スマートフォンアプリと広告ビジネスにおけるプライバシー問題
スマートフォンの急速な普及によって、プライバシーに関する新たなトラブルが出てきた。「モバイル&ソーシャルWEEK」(日経BP社主催)で、「スマホアプリと広告ビジネスを巡るプライバシーとセキュリティ」と題して、産業技術総合研究所 セキュアシステム研究部門 主任研究員 高木浩光氏が講演を行った。
近年の動向
2年前の2010年、総務省の「利用者視点を踏まえたICTサービスに係る諸問題に関する研究会」は第二次提言を発表した。その「ライフログ活用サービスに関する検討について」の中で、ウェブの行動ターゲティング広告について検討、業界による自主ガイドライン策定を促した。インターネット広告推進協議会(JIAA)は同年「行動ターゲティング広告ガイドライン」を改定。「透明性の確保」と「オプトアウト手段の提供」については、日本でもここ数年徹底されるようになってきた。
そして今年、スマートフォンに関するさまざまなトラブルについて報道がなされたことから、急遽1月から「スマートフォンを経由した利用者情報の取扱いに関するWG」が開かれ、6月に「スマートフォン プライバシー イニシアティブ」という報告書案を発表した。
WGが出した2つの結論
「スマートフォンを経由した利用者情報の取扱いに関するWG」は今年1月から6月までの間に8回開催されており、主に2つの結論が出た。ひとつは基本的に「オプトイン方式(事前にユーザーの同意を得ること)」という方向性。スマートフォンの電話帳、GPSによる位置情報、通話内容や履歴などについては、個別の情報に関する同意を取得するとしている。
もうひとつ、「契約者ID」「端末ID」については、個人情報に準じた扱いが適切という方針。これらのIDを「GPS位置情報や電話帳と同列に位置付けていることは画期的」と高木氏は評価している。
オプトインの3つのレベル
一言で「同意」といってもいろいろなレベルがある。高木氏は、オプトイン方式として以下の3つを挙げている。

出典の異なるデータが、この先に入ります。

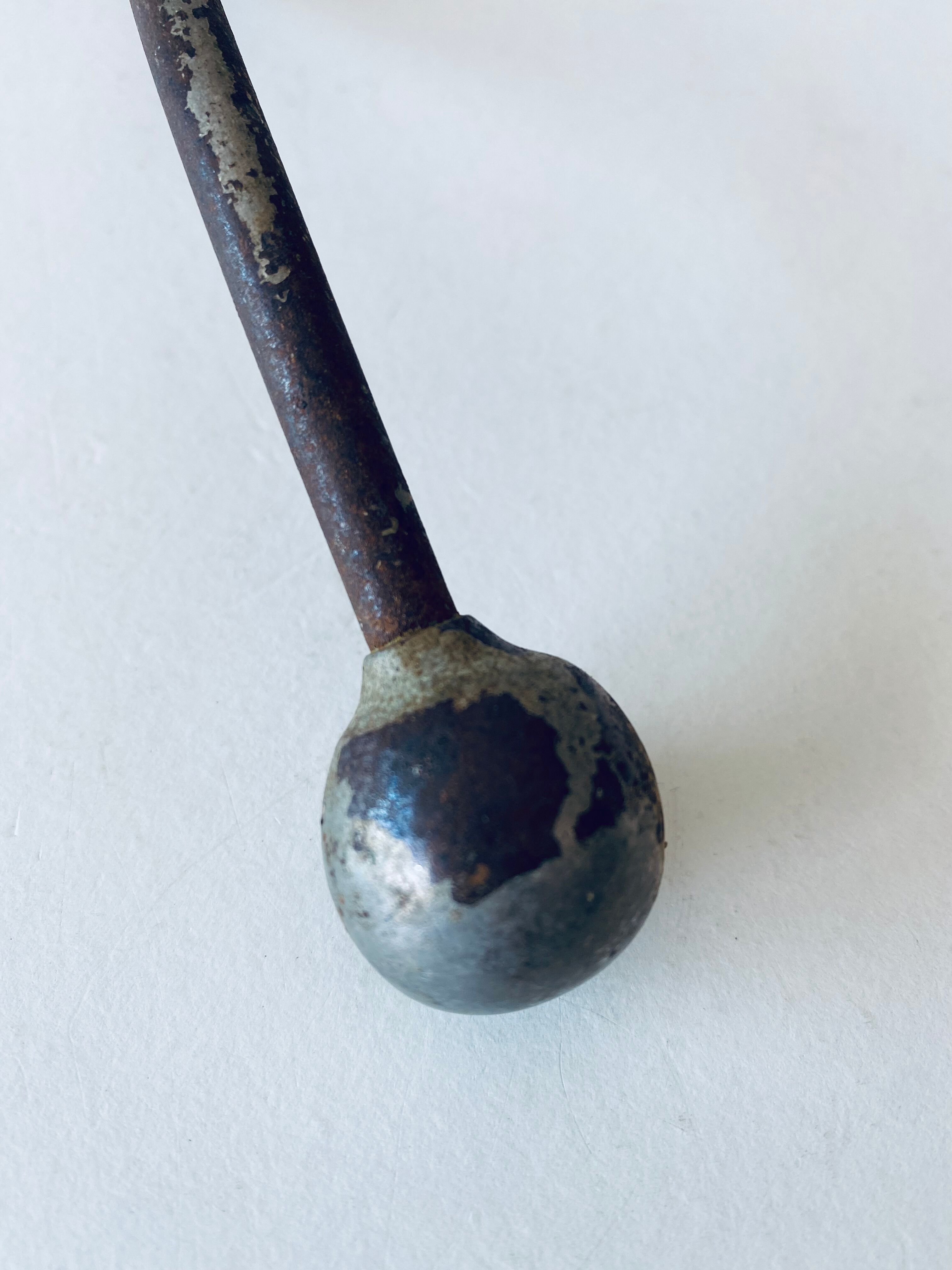 Ancient metal patère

高木氏は、総務省がいうところの「個別に同意を求めよ」というのはこの「個別的選択オプトイン」を求めなさいという意味だと思うと説明。その具体例としてFacebookのアプリを挙げ、「友達を探す機能を使うとき、“電話帳をアップロードして友達を探しますか”という確認画面が出てくる。こういった使い方をすることが望ましく、求められている」と語った。
ウェブではブラウザがやってくれた、アプリでは開発者が自分で考える
しかし、WGの資料では、アプリ事業者から「すべてオプトインとするのは困る」という声が寄せられている。また、「すぐオプトアウトできるようになっていればよいのでは。オプトアウトであるからまったく許されないという制限はおかしい」という主張もなされている。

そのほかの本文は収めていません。